- **Work to be completed**
The whole of the data is to be duplicated precisely.

Data shown below:

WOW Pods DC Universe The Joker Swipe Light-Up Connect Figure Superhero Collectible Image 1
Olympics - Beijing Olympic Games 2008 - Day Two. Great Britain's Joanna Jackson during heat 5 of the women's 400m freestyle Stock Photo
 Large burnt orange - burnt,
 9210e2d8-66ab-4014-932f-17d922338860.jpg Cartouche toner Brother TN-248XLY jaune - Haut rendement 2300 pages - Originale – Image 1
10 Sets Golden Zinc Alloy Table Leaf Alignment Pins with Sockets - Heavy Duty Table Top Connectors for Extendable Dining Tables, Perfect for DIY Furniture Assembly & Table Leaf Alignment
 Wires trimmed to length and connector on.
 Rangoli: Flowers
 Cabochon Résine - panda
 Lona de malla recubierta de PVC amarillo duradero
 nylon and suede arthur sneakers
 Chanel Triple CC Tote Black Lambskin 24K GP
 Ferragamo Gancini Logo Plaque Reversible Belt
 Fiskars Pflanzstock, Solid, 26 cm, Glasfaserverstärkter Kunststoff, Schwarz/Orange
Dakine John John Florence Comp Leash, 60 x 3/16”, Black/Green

End of Data shown.

- **Output for this task**
WOW Pods DC Universe The Joker Swipe Light-Up Connect Figure Superhero Collectible Image 1
Olympics - Beijing Olympic Games 2008 - Day Two. Great Britain's Joanna Jackson during heat 5 of the women's 400m freestyle Stock Photo
 Large burnt orange - burnt,
 9210e2d8-66ab-4014-932f-17d922338860.jpg Cartouche toner Brother TN-248XLY jaune - Haut rendement 2300 pages - Originale – Image 1
10 Sets Golden Zinc Alloy Table Leaf Alignment Pins with Sockets - Heavy Duty Table Top Connectors for Extendable Dining Tables, Perfect for DIY Furniture Assembly & Table Leaf Alignment
 Wires trimmed to length and connector on.
 Rangoli: Flowers
 Cabochon Résine - panda
 Lona de malla recubierta de PVC amarillo duradero
 nylon and suede arthur sneakers
 Chanel Triple CC Tote Black Lambskin 24K GP
 Ferragamo Gancini Logo Plaque Reversible Belt
 Fiskars Pflanzstock, Solid, 26 cm, Glasfaserverstärkter Kunststoff, Schwarz/Orange
Dakine John John Florence Comp Leash, 60 x 3/16”, Black/Green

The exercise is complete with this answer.